Cambridge University has built a robot that can mimic human facial expressions. Its name is Charles and it looks a lot like a prosthetic Sean Penn.
The automaton is part of the Department of Computer Science and Technology‘s research into whether or not humans will engage more with machines that can display human body language and facial expressions.
By using a complicated system of mechanical servos controlled by a computer program, Charles can mimic a number of facial expressions that more or less make him look like a stunned mullet.
Think of it like a physical animoji – someone pulls a face at a camera, the computer analyses it, and then tells Charles which servos to activate in order to express the same look. As the researchers point out, mimicking real human muscles is bloody hard.
“Charles is remarkably realistic, the prosthetics are very good, but the motors are just not like human muscles,” said Professor Peter Robinson.
“Our control programmes are just not quite fine enough and the monitoring of the human face we’re using at the moment is just not quite good enough and so it looks unnatural.”
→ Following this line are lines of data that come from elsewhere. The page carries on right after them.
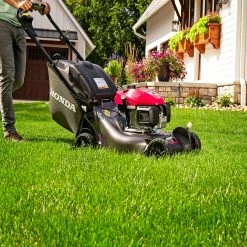Lawn & Outdoor Power Honda HRN216VYA 21" 3-in-1 Self Propelled Twin Blade Gas Lawn Mower W/Blade-Stop 13 Lawn & Outdoor Power Honda HRN216VYA 21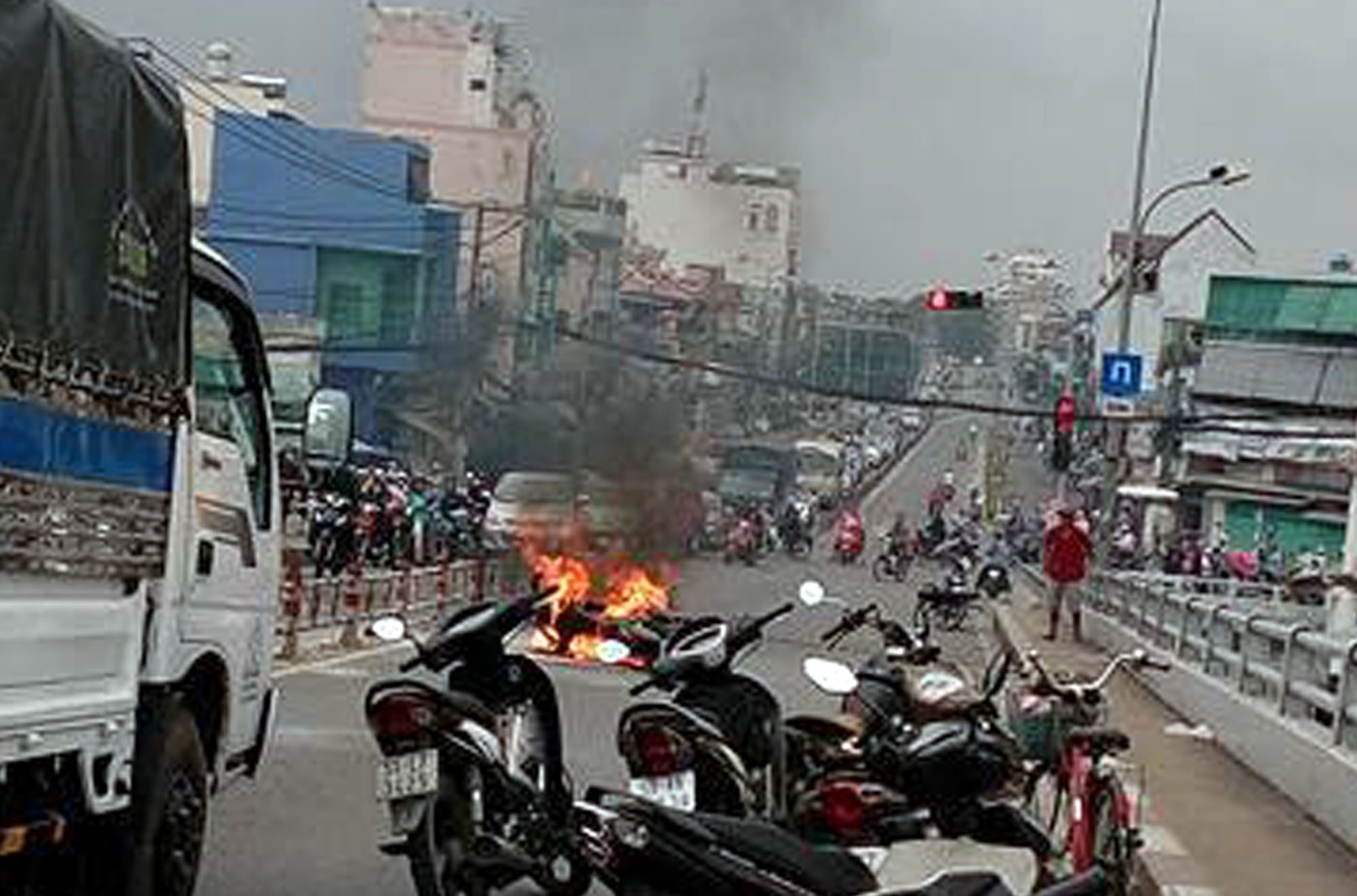 moto boc chay o sai gon anh 2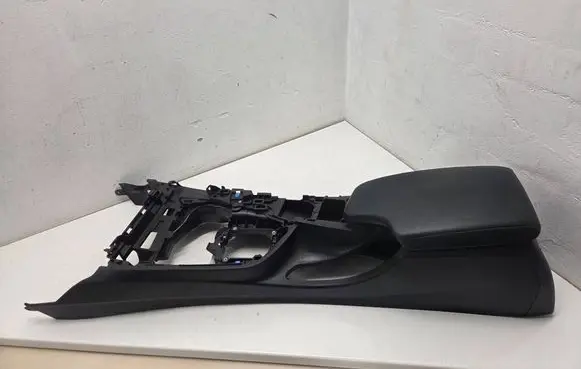 BMW 3 F30 F35 F31 Center console 105015894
The whole point of Charles is to see how people interact with a machine that’s capable of displaying relatable emotional traits, but the problem is, he’s sitting pretty firmly in what they call the Uncanny Valley – a graph that determines how revolted people are when confronted with something that appears nearly human, but not quite.
You can check him out in action below.
Robotic shortfalls aside, Robinson’s research actually delves into some pretty deep human behavioural questions.
“The more interesting question that this work has promoted is the social and theological understanding of robots that people have. Why do, when we talk of robots, always think about things that look like humans, rather than abstract machines, and why are they usually malicious?”
“That tells us something about people more than it tells us about the technology of the machine.”
It’s a fascinating time to be alive, folks.